Minnesota Statutes, section 245C.02, subdivision 18, states:
"Serious maltreatment" means sexual abuse, maltreatment resulting in death, neglect resulting in serious injury which reasonably requires the care of a physician whether or not the care of a physician was sought, or abuse resulting in serious injury. For purposes of this definition, "care of a physician" is treatment received or ordered by a physician, physician assistant, or nurse practitioner, but does not include diagnostic testing, assessment, or observation; the application of, recommendation to use, or prescription solely for a remedy that is available over the counter without a prescription; or a prescription solely for a topical antibiotic to treat burns when there is no follow-up appointment. For purposes of this definition, "abuse resulting in serious injury" means: bruises, bites, skin laceration, or tissue damage; fractures; dislocations; evidence of internal injuries; head injuries with loss of consciousness; extensive second-degree or third-degree burns and other burns for which complications are present; extensive second-degree or third-degree frostbite and other frostbite for which complications are present; irreversible mobility or avulsion of teeth; injuries to the eyes; ingestion of foreign substances and objects that are harmful; near drowning; and heat exhaustion or sunstroke. Serious maltreatment includes neglect when it results in criminal sexual conduct against a child or vulnerable adult.
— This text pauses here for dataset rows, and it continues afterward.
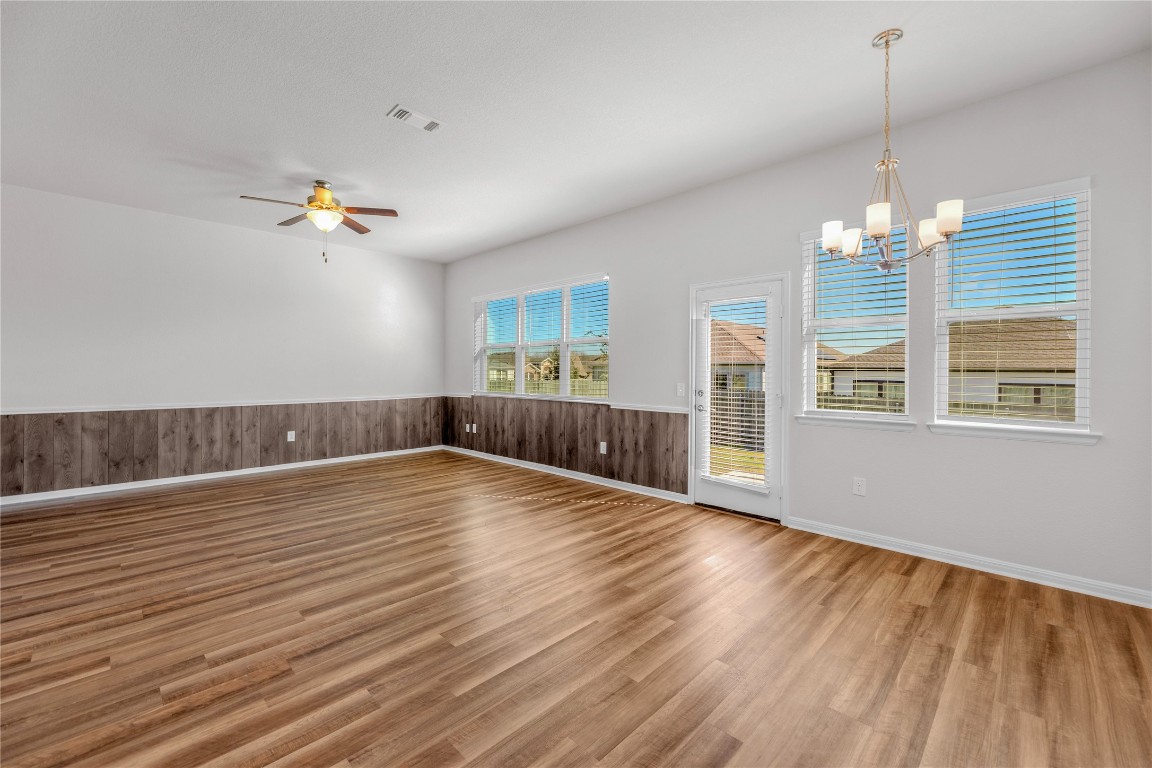 9941 Comely Bend Manor, TX 78653 - Photo 28 of 31 a view of an empty room with wooden floor and a window
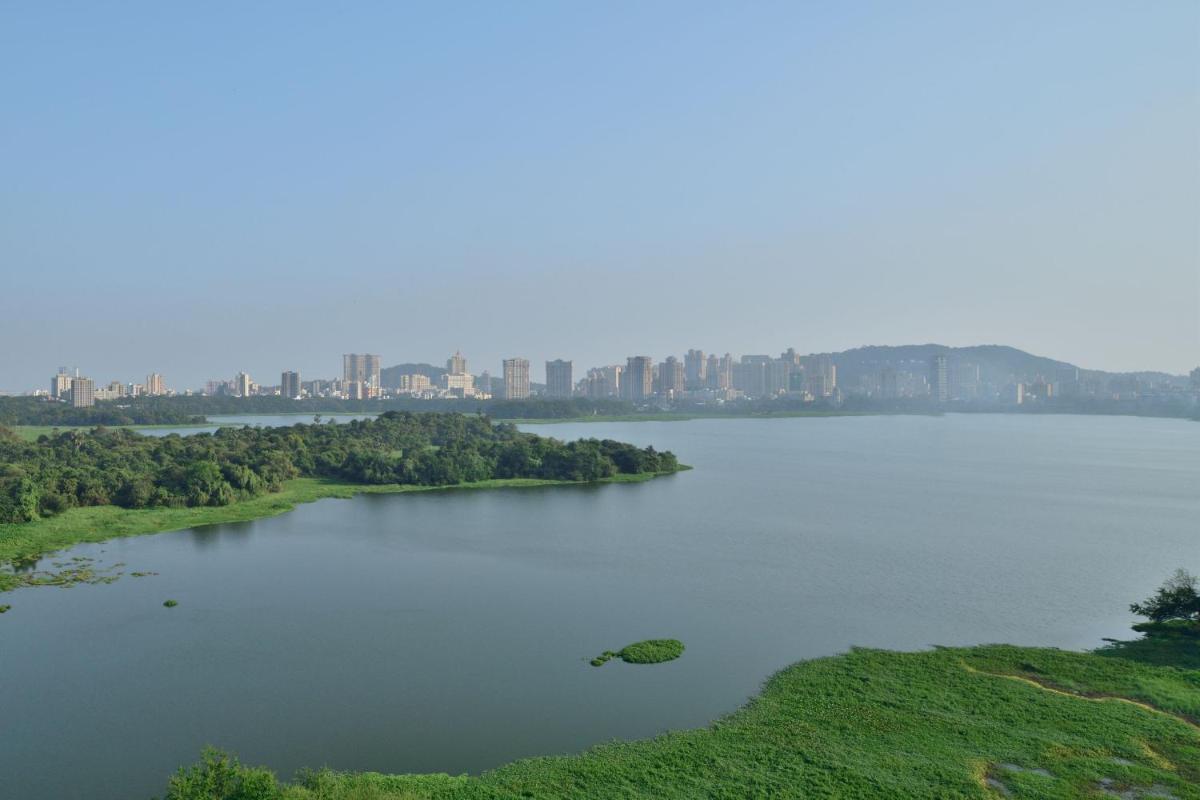 a large lake with a city in the background at The Westin Mumbai Powai Lake in Mumbai
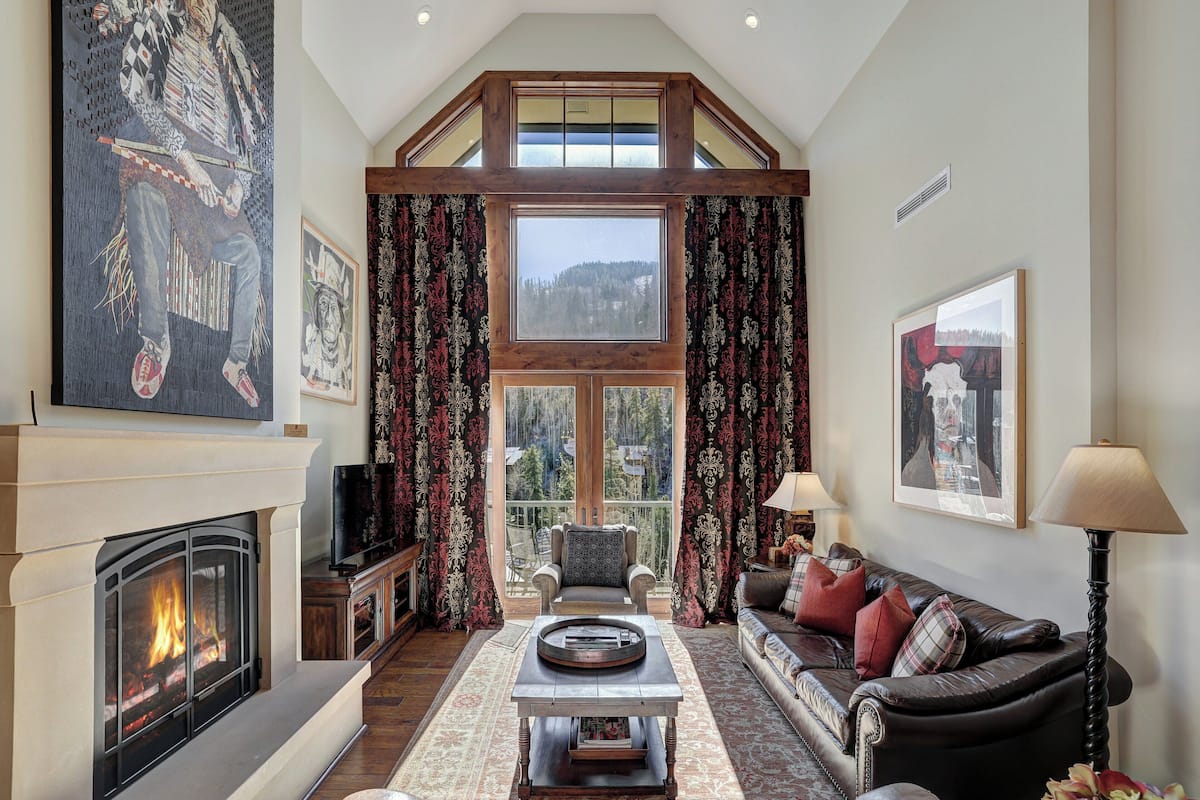 A spacious living room with a fireplace, a large window, and a high ceiling.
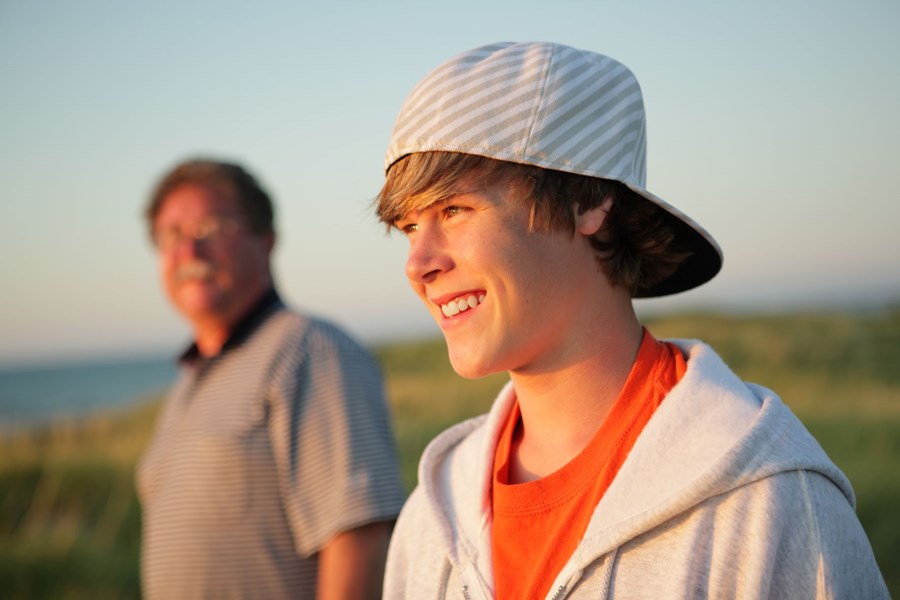 Young person with a cap on backwards, smiling, standing sidewards to the camera. I older person is standing in the background.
It was determined that the substantiated financial exploitation for which the SP was responsible was “recurring” maltreatment because the SP used the VA’s bank account on more than one occasion but it did not meet the definition of serious maltreatment.
The SP was disqualified from providing direct contact services.
Action Taken by Facility:
The facility completed an Internal Review and stated that their policies and procedures were adequate but not followed. The SP violated facility policies. The SP no longer worked at the facility.
Action Taken by Department of Human Services, Office of Inspector General:
The SP was disqualified from a position allowing direct contact with, or access to, persons receiving services from programs, organizations, and/or agencies that are required to have individuals complete a background study by the Department of Human Services as listed in Minnesota Statutes, section 245C.03. The determination that the SP was responsible for maltreatment and the disqualification of the SP are each subject to appeal.